Detroit – Apartment vacancies here dropped to 7 percent in the first quarter of 2006, down from a peak of 7.3 percent at the end of 2005, according to a survey of the 206,474 apartments in the metropolitan area by Reis, Inc.
Even better, after twitching upward to an anticipated 7.2 percent in the second quarter, Reis expects the vacancy rate to decline until reaching 6.2 percent by 2010.
Although 6.2 percent is far from healthy, it would be a nice improvement for the city’s battered apartment market. Vacancies in Detroit have grown steadily from 3.1 percent in 2000. From 2001 to today, more tenants have left their apartments than moved in every year, according to Reis surveys.

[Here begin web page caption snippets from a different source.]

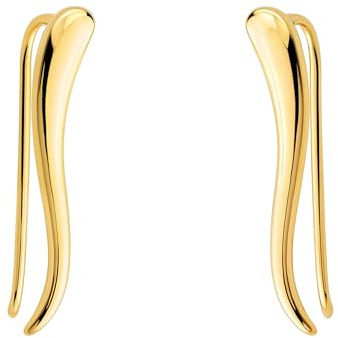 SOFIA MILANI - Damen Ohrringe 925 Silber - vergoldet/golden - Gebogen Ohrklemme - E2541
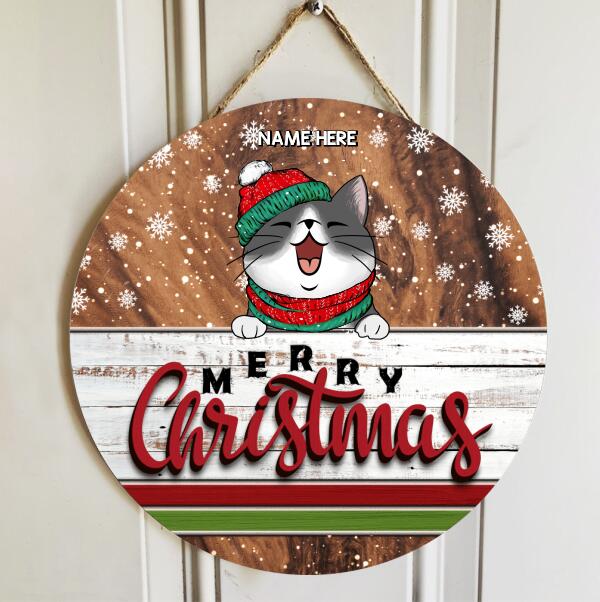 Merry Christmas - Dark Pale Wooden - Personalized Cat Christmas Door Sign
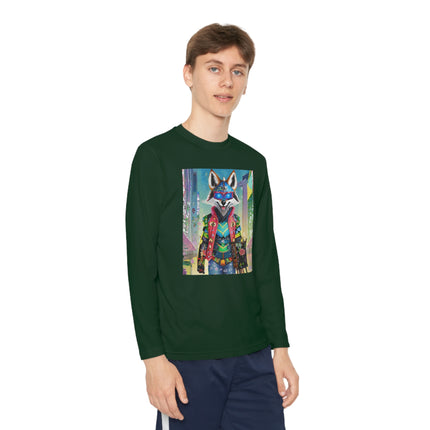 Cyber Hyena Youth Long Sleeve Competitor Tee – Neon Mischief & Futuristic Style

The number of occupied apartments has dropped from 197,894 in 2000 to 192,042 in the first quarter 2006. That’s negative absorption – to the tune of 5,852 units.

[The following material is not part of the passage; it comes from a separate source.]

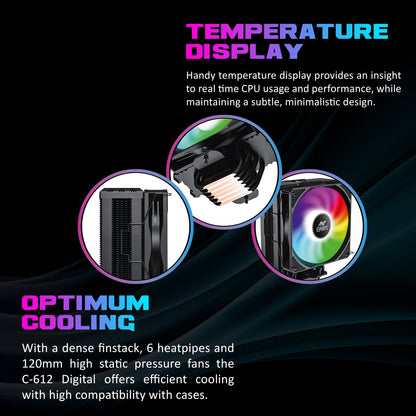 Ant Esports ICE-C612 Digital Single Tower 120mm ARGB AM5/LGA1851 Black Air Cooler with temperature display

Job losses account for most of the trouble in the market: Bad news bludgeoned the Motor City as Ford Motor Co. and General Motors Corp. announced job cuts last year totaling 60,000, while Delphi Automotive Systems filed for Chapter 11 bankruptcy, which may lead to further job losses.
For decades, Detroit has been a city with one main industry – automobiles. But American car makers aren’t selling as many cars as they used to, and their share of the market for light vehicles in the U.S. dropped to just 57 percent in 2005, down from 72 percent in 1990.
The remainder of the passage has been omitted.